A Sinful Environmental Holocaust! Seriously?

If there were a Mother Nature, she'd be unhappy

By William M Briggs Published on March 2, 2017

You would have thought the Church had learned its lesson with Galileo — at least in public relations — when it comes to science. Tying theological doctrine to empirical, and therefore highly fallible, observation and theory is bound to lead to grief.

The lesson, though, has not been learned. Take the case of Charles Cardinal Bo, Archbishop of Yangon, Myanmar (a.k.a. Burma). In a voice loud enough that others might hear and quote him, he said, “Today we find ourselves faced with an ecological holocaust.”

Holy conflagration! A holocaust!

Why, everybody knows holocausts are bad things, ecological or not. True, when looking out the window, the environment doesn’t appear very holocaust-like. But perhaps there are gradations of holocausts? Maybe the fact that the earth’s average temperature last year didn’t match precisely the earth’s temperature from the year before that is a kind of mini-holocaust? A holocaustlette?

His Eminence lists a number of holocausty things he says are wrong. He complains that the earth “overheats,” that there are “thousands of environmental refugees,” that “climate change is an atomic bomb waiting to explode.” Of course, strictly speaking, all of these claims are false.
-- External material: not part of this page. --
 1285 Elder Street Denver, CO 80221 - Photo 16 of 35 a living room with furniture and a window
Perhaps he was just misinformed, or perhaps the problem lay deeper. Let’s hear the good Cardinal:

It is a very delicate moment. Pope Francis has raised a great shout loud against this impending disaster talking about modern sins, the ‘ecological sin’ made individually and collectively by humans who destroy Mother Earth.
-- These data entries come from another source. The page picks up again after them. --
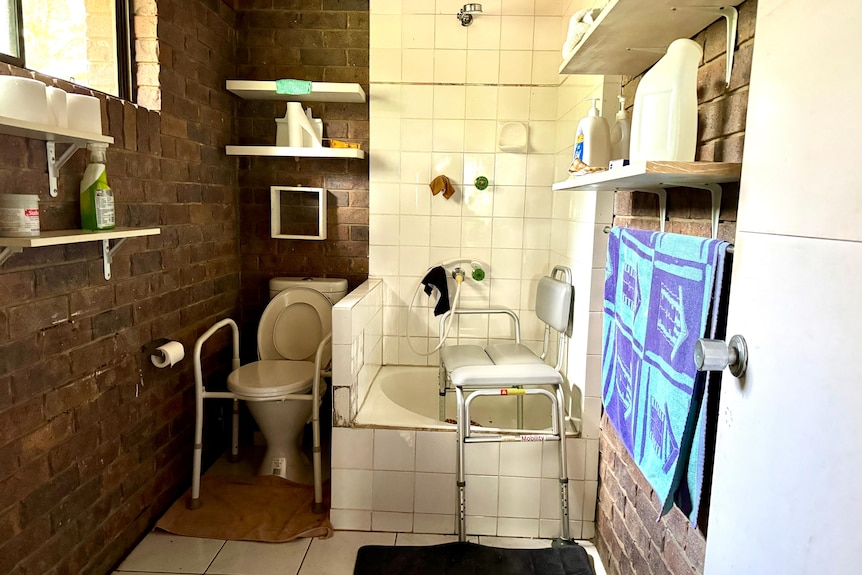 A small bathroom in a rural home with basic mobility aids for aged care.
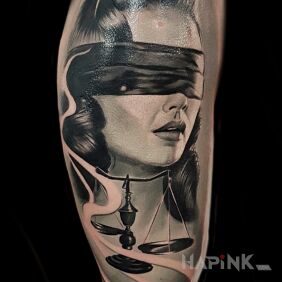 Tattoo Temida on the upper arm motif: black and gray style: realistic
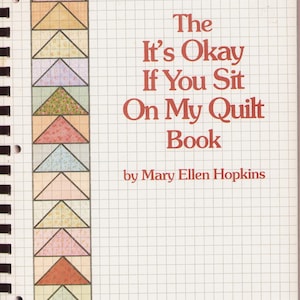 Könnte beinhalten: Ein spiralgebundenes Buch mit dem Titel The It's Okay If You Sit On My Quilt Book von Mary Ellen Hopkins, A Yours Truly Publication. Das Cover zeigt einen karierten Hintergrund und einen vertikalen Rand aus bunten, gemusterten Dreiecks-Quiltblöcken.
We can allow that destroying “Mother Earth” is a sin, but the good news is that since no man has destroyed the earth, and no man can destroy the earth, there won’t be a lot of this sin about. Do you know how much it would take to destroy the planet? Well, let me tell you: a lot. Something on the order of pushing Mars out of its orbit so that it intersects with Mother when she isn’t looking. Kapow!

Anything short of that isn’t likely to do more than irritate dear Mother. (Dear Mother Earth, are we on a familiar enough basis I can call you Mom?) Think: the best giant rocks from space and strings of awful dyspeptic volcanoes have done was to cause a few long-forgotten species to hand in their dinner pails. Does anybody really miss trilobites?
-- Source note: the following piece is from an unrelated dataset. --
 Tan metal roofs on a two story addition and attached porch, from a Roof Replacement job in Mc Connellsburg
Mom has always recovered from these non-man-made setbacks, which is a good reason to think she always will. Plus, it takes only the scantest knowledge of physics to grasp that there is no way man could ever match the destructive power of giant rocks from space. Or of angry chains of volcanoes. Or even of viruses. Our puny efforts are sufficient to slaughter millions, maybe even billions, of each other. But destroy the planet? Please.

In short, Mom will not disappear until Our Lord returns and starts the whole shebang over from scratch, an important point to remember. One wonders if Cardinal Bo remembers.

He said, “Humanity has broken the pact with nature, and that’s why it is a profoundly moral issue: an ecological original sin, who needs an ecological conversion and an ecological evangelization.”

Now this is a strange thing for a Christian leader to say because humanity never had a pact with “nature.” Does anybody remember signing a contract with Earth Mama? You also cannot commit a sin against a rock, let alone be tainted from birth by the “ecological original sin” of our distant forefather sinning against a rock. There is no such thing as an “ecological original sin.” It’s either sloppy speaking or simply false.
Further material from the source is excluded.